Structural Compatibility I: Linearity as a Rigidity Normal Form on the Persistence Leaf under Finite-Horizon Admissibility

This article initiates the Structural Compatibility series within the broader finite-horizon programme. It investigates the structural conditions under which aggregation on a normalized persistence leaf admits a linear normal form. Starting from finite-horizon persistence as a minimal admissibility condition for identifiable regimes, the paper introduces maintainability under perturbations and combinability as structural requirements for internal reorganization. It then restricts attention to an enriched branch in which the normalized persistence leaf is assumed to admit an affine model of internal reorganization. Within this explicitly selected affine setting, the main result is a conditional rigidity theorem: under affine-leaf regularity, scale invariance, and a global bi-affine regularity hypothesis, any admissible aggregation law on the persistence leaf reduces to a linear normal form in affine coordinates.

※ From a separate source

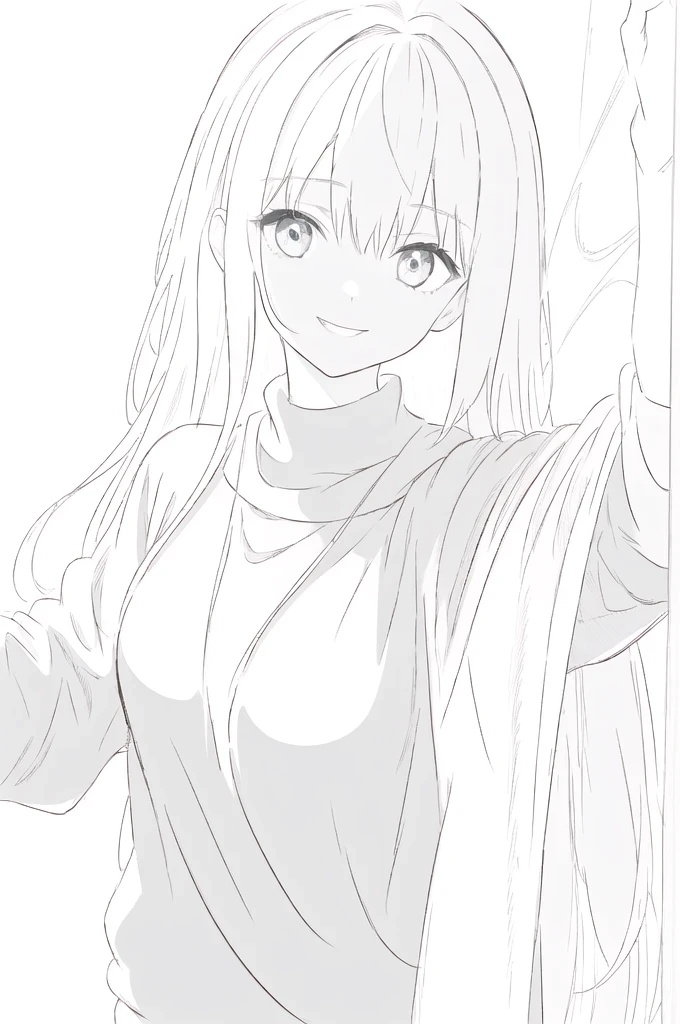 (best quality, masterpiece, highres),1girl,jitome,smile,very long hair,white background,selfie , long hair,sweater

The paper does not claim to derive the full quantum formalism. Rather, it isolates a minimal linear backbone that may underlie richer realizations. Standard quantum theory is therefore discussed only as a compatible enriched realization built on top of this structural pattern, not as a result derived in full. The transition from weaker infinitesimal compatibility conditions to global bi-affinity is identified as the main open integration problem. In this sense, the article should be read as a foundational structural preprint and as the entry point of an enriched branch developed further in the subsequent papers of the series.